Faber Sarah, Brown Tanya, Carpentier Sarah, McIntosh A R
University of Toronto, Toronto, ON, Canada.
Simon Fraser University, Burnaby, BC, Canada.
Imaging Neurosci (Camb). 2025 Jan 2;3. doi: 10.1162/imag_a_00413. eCollection 2025.
The human brain is a complex, adaptive system capable of parsing complex stimuli and generating complex behaviour. Understanding how to model and interpret the dynamic relationship between brain, behaviour, and the environment will provide vital information on how the brain responds to real-world stimuli, develops and ages, and adapts to pathology. Modelling together numerous streams of dynamic data, however, presents sizable methodological challenges. In this paper, we present a novel workflow and sample interpretation of a data set incorporating brain, behavioural, and stimulus data from a music listening study. We use hidden Markov modelling (HMM) to extract state time series from continuous high-dimensional EEG and stimulus data, estimate time series variables consistent with HMM from continuous low-dimensional behavioural data, and model the multi-modal data together using partial least squares (PLS). We offer a sample interpretation of the results, including a discussion on the limitations of the currently available tools, and discuss future directions for dynamic multi-modal analysis focusing on naturalistic behaviours.

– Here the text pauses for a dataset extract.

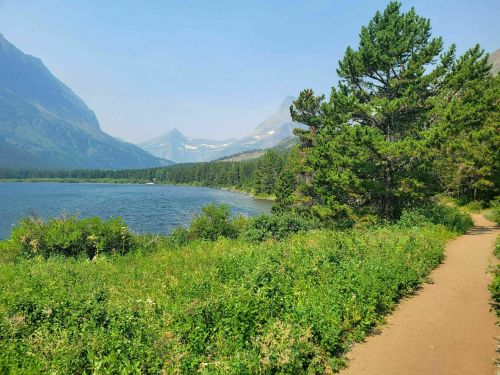 A scenic view of a lake surrounded by mountains and lush greenery, with a walking path along the water's edge.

人类大脑是一个复杂的自适应系统,能够解析复杂的刺激并产生复杂的行为。了解如何对大脑、行为和环境之间的动态关系进行建模和解释,将为大脑如何响应现实世界的刺激、发育和老化以及适应病理状况提供至关重要的信息。然而,对众多动态数据流进行联合建模带来了相当大的方法学挑战。在本文中,我们展示了一种新颖的工作流程以及对一个数据集的示例解读,该数据集包含来自一项音乐聆听研究的大脑、行为和刺激数据。我们使用隐马尔可夫模型(HMM)从连续的高维脑电图和刺激数据中提取状态时间序列,从连续的低维行为数据中估计与HMM一致的时间序列变量,并使用偏最小二乘法(PLS)对多模态数据进行联合建模。我们提供了结果的示例解读,包括对当前可用工具局限性的讨论,并探讨了专注于自然行为的动态多模态分析的未来方向。